◆ WHAT NEEDS TO BE DONE
Below this line are records; transcribe exactly the lines between the one holding "Certifikát, ocenenie alebo" and the one holding "crashtest kia euroncap novemodely video", inclusive, and omit the pictures.

◆ TASK MATERIAL
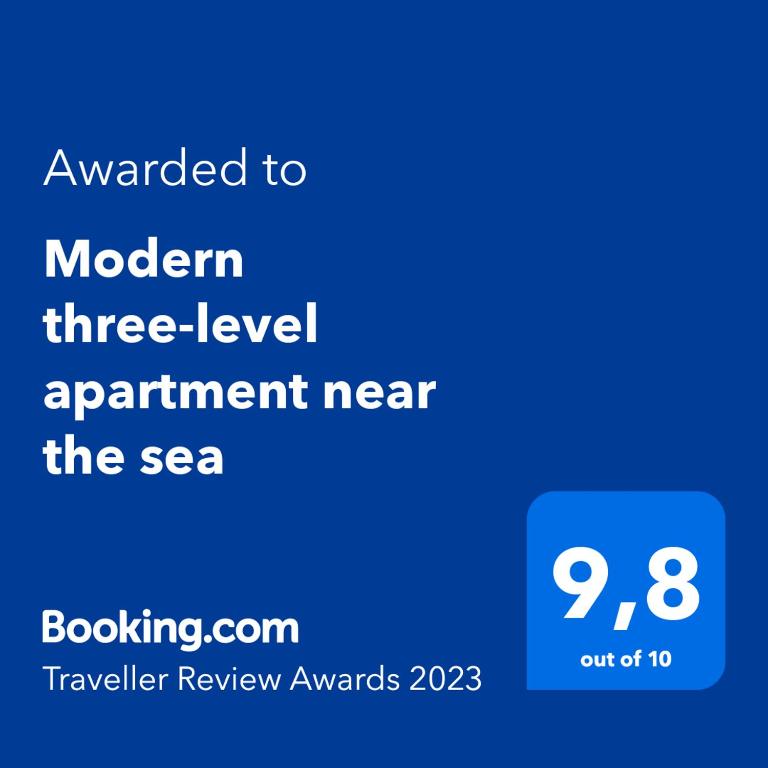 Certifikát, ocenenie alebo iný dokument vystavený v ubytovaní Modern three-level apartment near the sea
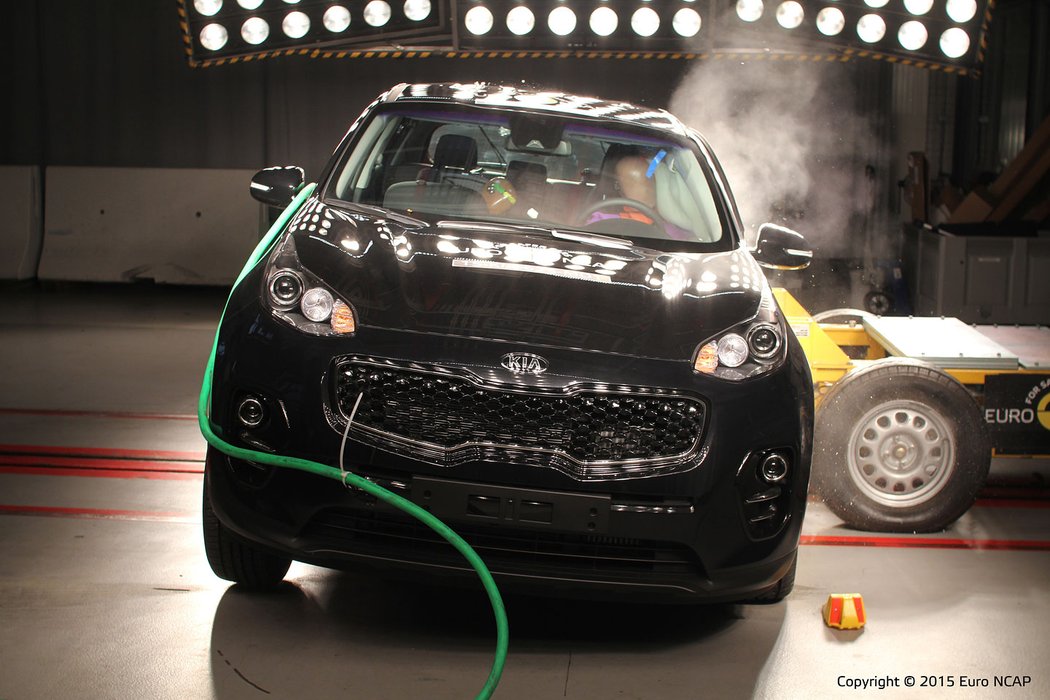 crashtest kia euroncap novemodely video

* * *

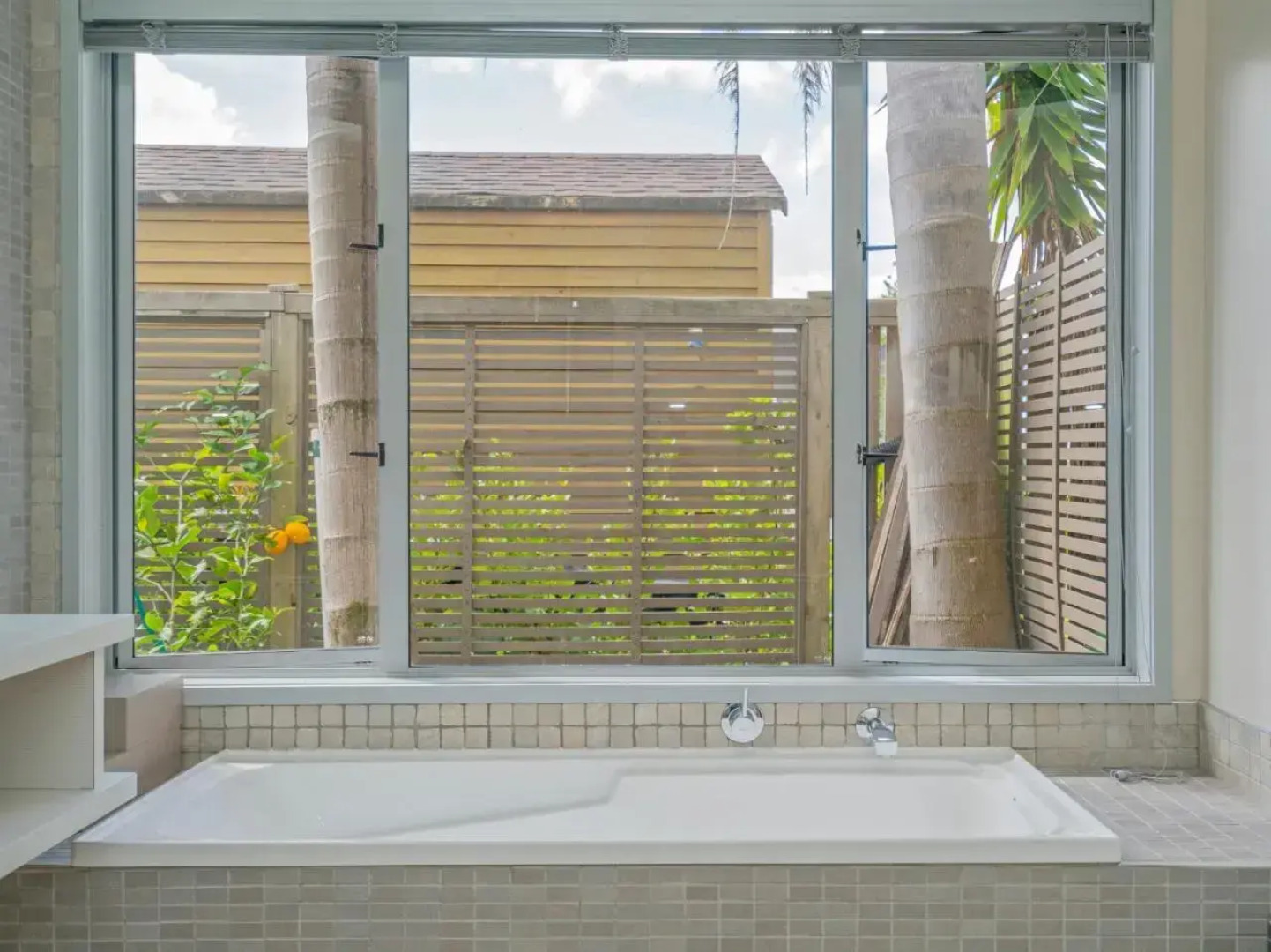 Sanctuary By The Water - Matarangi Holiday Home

◆ RESPONSE AREA
 Certifikát, ocenenie alebo iný dokument vystavený v ubytovaní Modern three-level apartment near the sea
 crashtest kia euroncap novemodely video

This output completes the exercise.